Sobre o Projeto de Lei nº 2628/22
Tramita no Senado Federal o Projeto de Lei nº 2628/22, de autoria do Senador Alessandro Vieira (MDB/SE), que dispõe sobre a proteção de crianças e adolescentes em meios de comunicação. O projeto trata, principalmente, de produtos e serviços de tecnologia da informação, monitoramento infantil, jogos eletrônicos, publicidade em meio digital, redes sociais e denúncia de violações aos direitos de crianças e adolescentes. Protocolado em outubro de 2022, o projeto já tramitou na Comissão de Direitos Humanos e Legislação Participativa (CDH), onde foi aprovado o parecer favorável do relator Senador Flávio Arns (PSB/PR). Em seguida, foi encaminhado para a Comissão de Constituição, Justiça e Cidadania (CCJ) sob a relatoria do Senador Jorge Kajuru (PSB/GO), de onde seguirá para a Comissão de Ciência, Tecnologia, Inovação e Informática. Do relator na CCJ, o projeto recebeu voto favorável e doze emendas ao projeto, além de uma emenda proposta pelo Senador Carlos Viana (PODEMOS/MG), apoiada nos termos de uma subemenda.

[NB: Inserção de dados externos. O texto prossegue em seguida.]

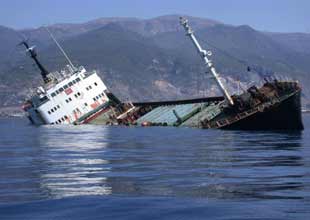 M/V Ulla bir türlü çıkartılamıyor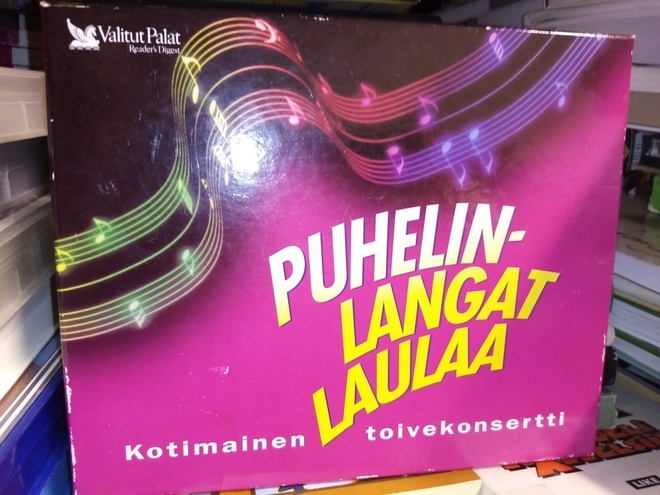 5 C-KASETTI BOX PUHELINLANGAT LAULAA ( SIS POSTIKULU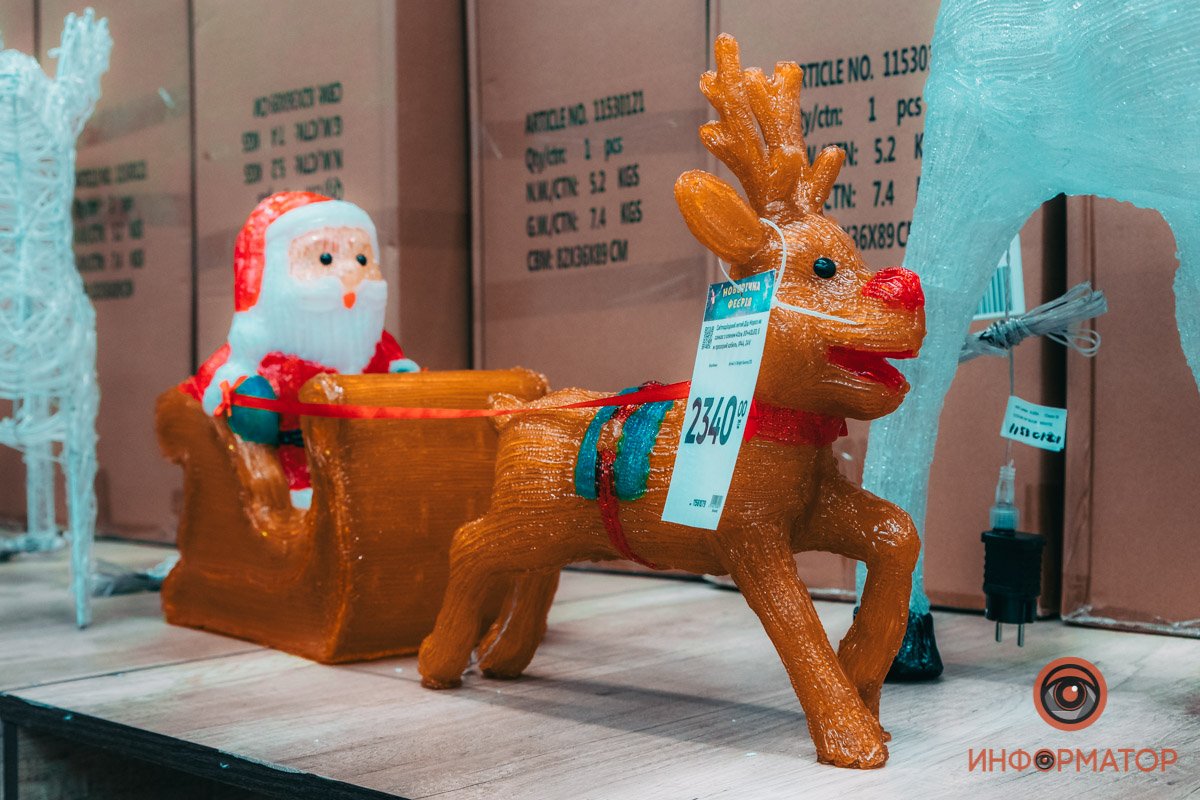 Новый год к нам мчится вместе с ним 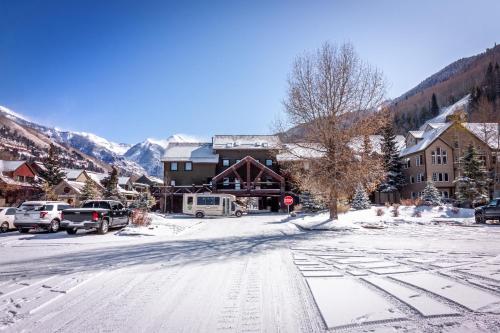 Double Diamond Ski-in/Ski-out Chalet - image 5
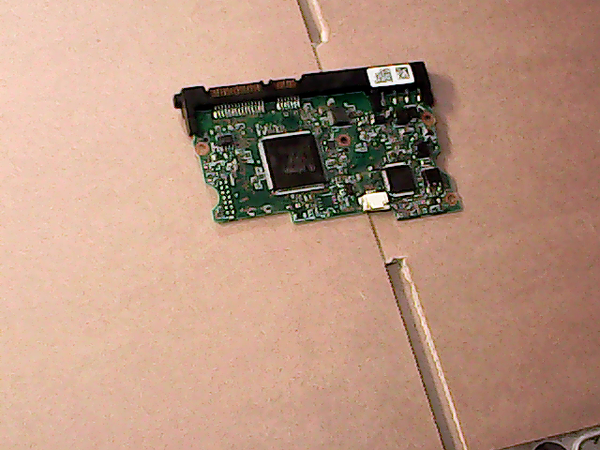 PCB 100954 F 0A29582 01 0A29695 HDS721680PLA380 FW BHA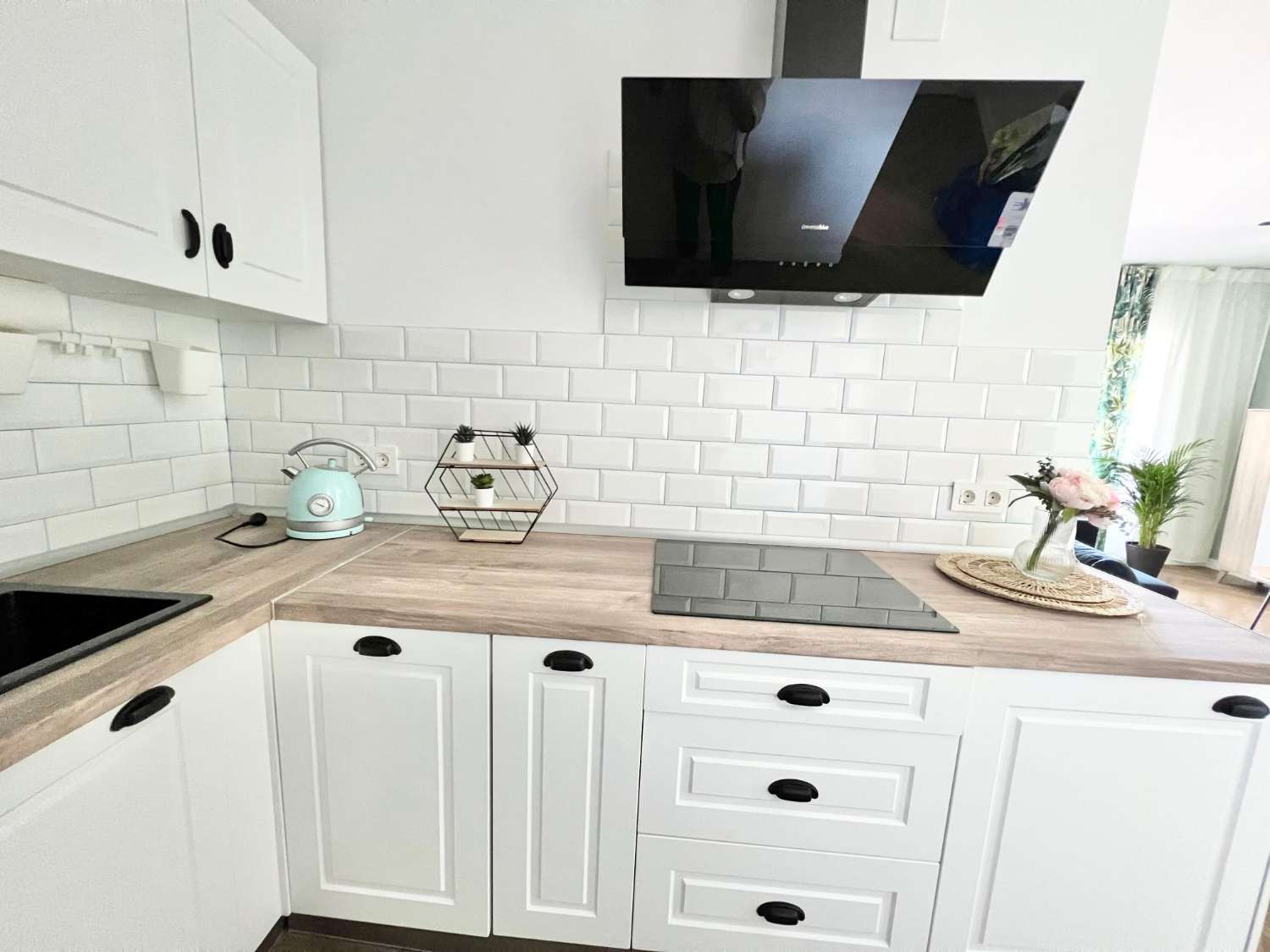 MEDIA TEMPORADA. SE ALQUILA DESDE  01.09.26 - 30.06.27   PRECIOSO APARTAMENTO   EN 1ª LÍNEA DE PLAYA CON VISTAS LATERALES AL MAR EN BENALMÁDENA.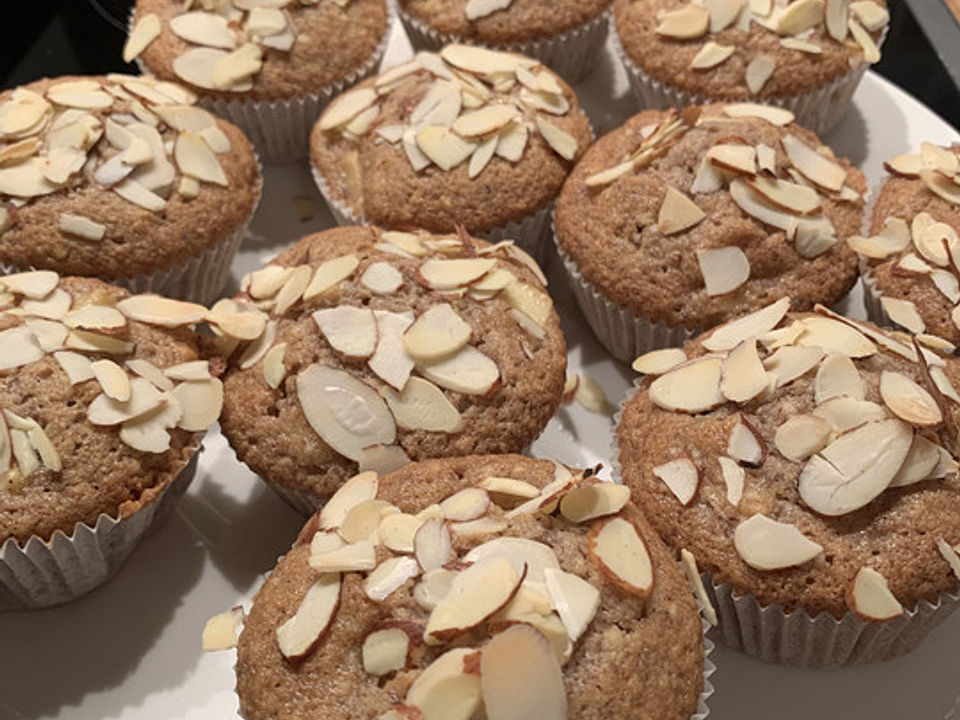 Apfel-Nuss-Zimt-Muffins von sirbase| Chefkoch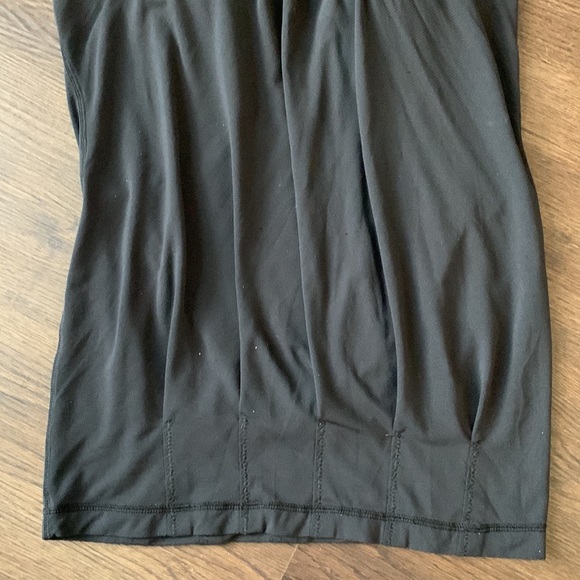 Lululemon black strappy halter tank top with built in bra size 4 - Picture 2 of 7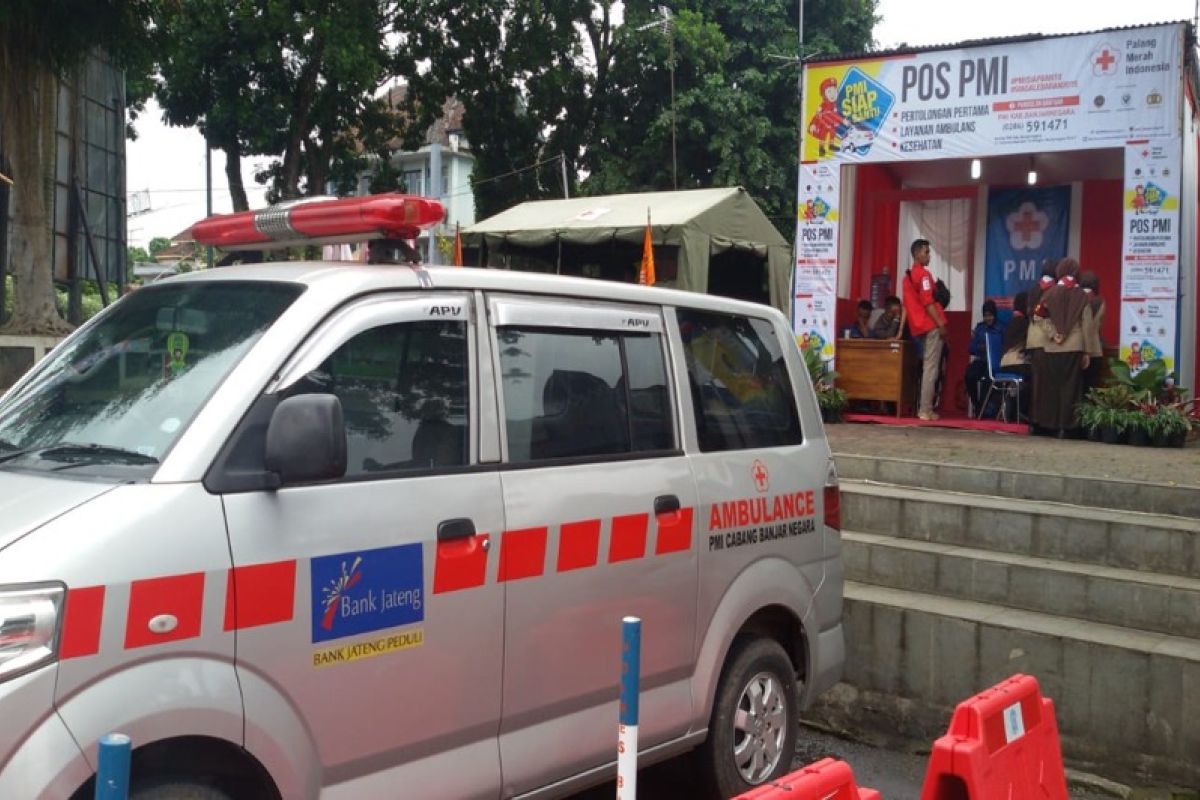 PMI Banjarnegara siagakan dua unit ambulans selama arus mudik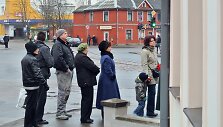 Eilės prie &bdquo;Swedbank&ldquo; bankomato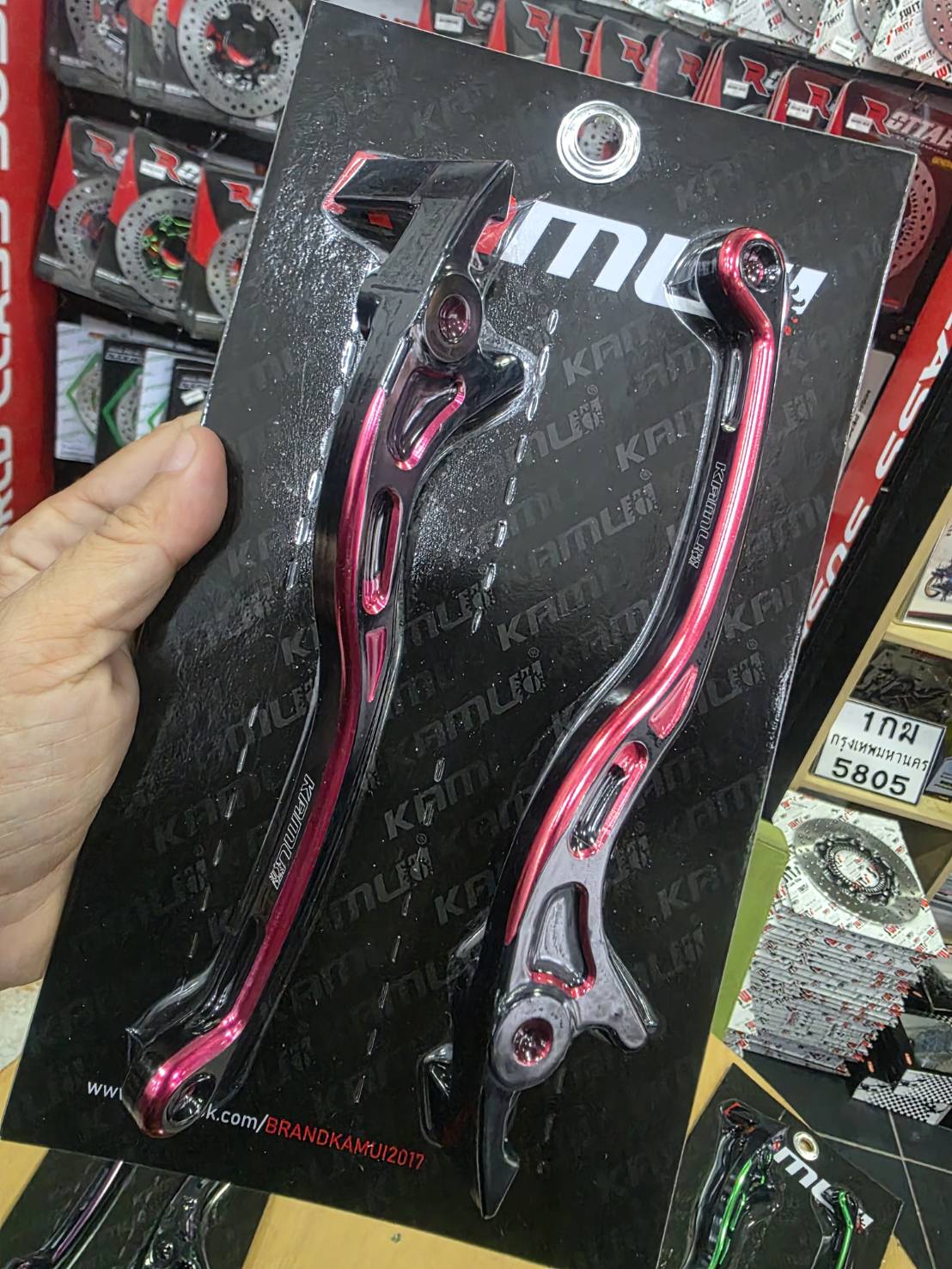 มือเบรค Kamui 2Tone รุ่น FORZA300-350 ราคา1950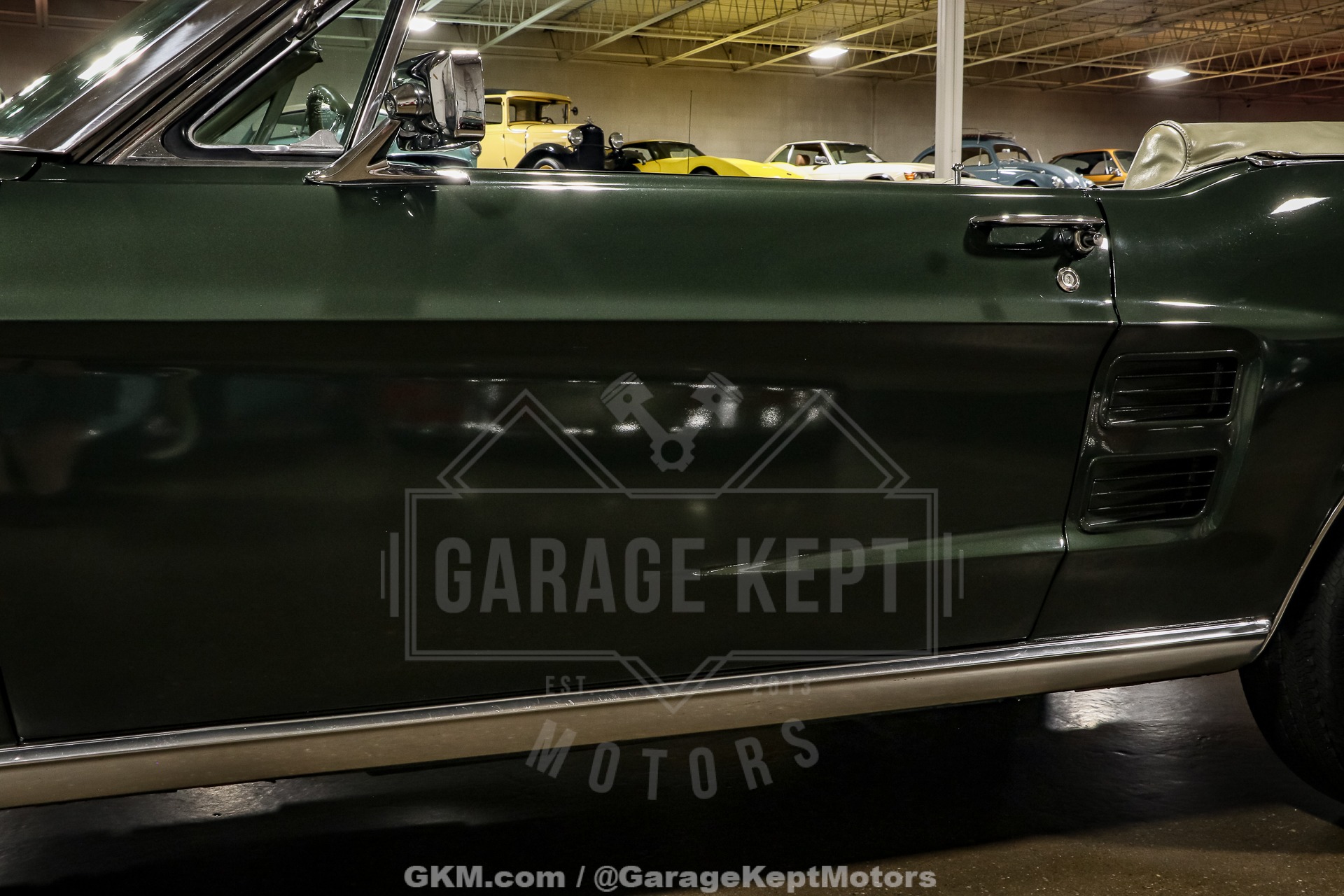 Ford-Mustang-1967-Green-Green-46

O PL tem como fundamentos “a prevalência absoluta do interesse das crianças e adolescentes, a condição peculiar de pessoa em desenvolvimento biopsíquico e a proteção contra a exploração comercial indevida.” Assim, propõe regular “todo produto ou serviço de tecnologia da informação direcionado ou que possa ser utilizado por crianças e adolescentes, disponíveis em território nacional, independentemente de sua localização, desenvolvimento, fabricação, oferta, comercialização e operação”.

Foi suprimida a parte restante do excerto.